[Problem details] Wherever pictures appear in the listing below, leave them out, and copy exactly, and only, everything from the line with "周末做什么小视频赚钱（创意小视频赚钱攻略）" down to the line with "La Guerre Civile, tome I (livres I et II)".

[Records shown]

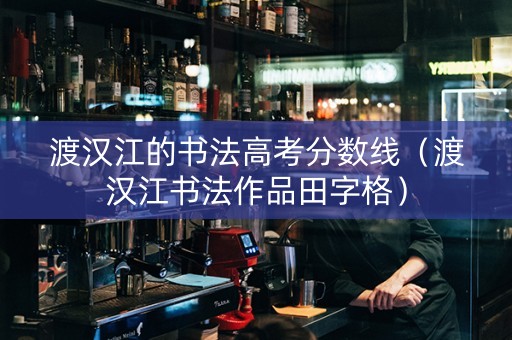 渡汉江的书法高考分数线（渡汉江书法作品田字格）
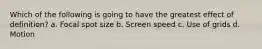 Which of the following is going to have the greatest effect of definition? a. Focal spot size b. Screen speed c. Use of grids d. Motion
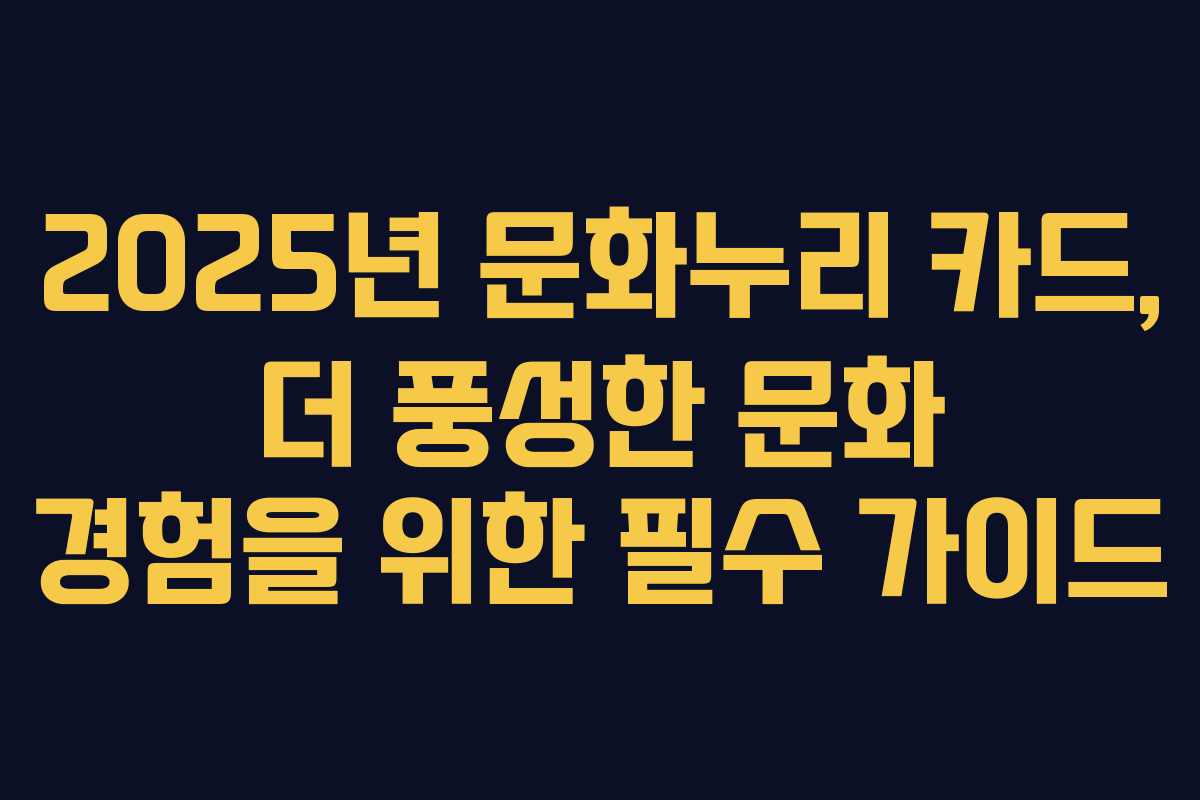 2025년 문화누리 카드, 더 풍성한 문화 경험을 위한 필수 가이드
---
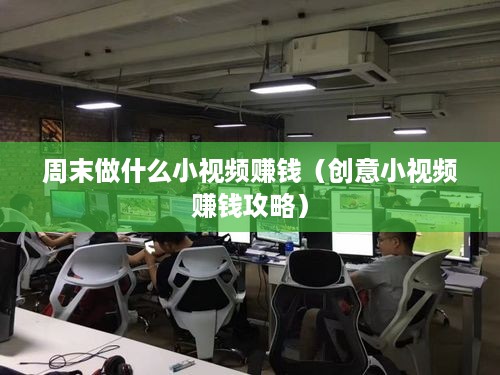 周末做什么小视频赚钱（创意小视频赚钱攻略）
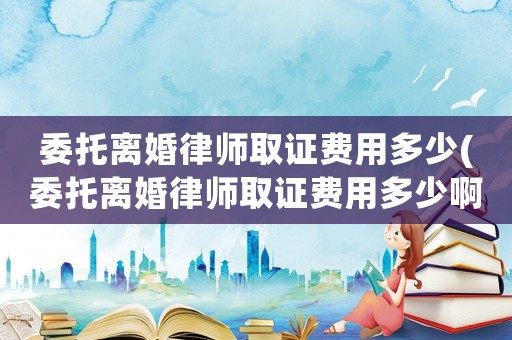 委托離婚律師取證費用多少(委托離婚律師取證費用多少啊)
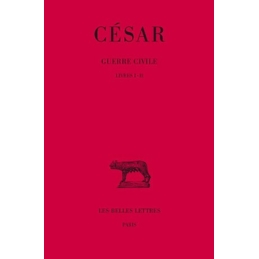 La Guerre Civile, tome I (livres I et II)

[Exercise solution]
 周末做什么小视频赚钱（创意小视频赚钱攻略）
 委托離婚律師取證費用多少(委托離婚律師取證費用多少啊)
 La Guerre Civile, tome I (livres I et II)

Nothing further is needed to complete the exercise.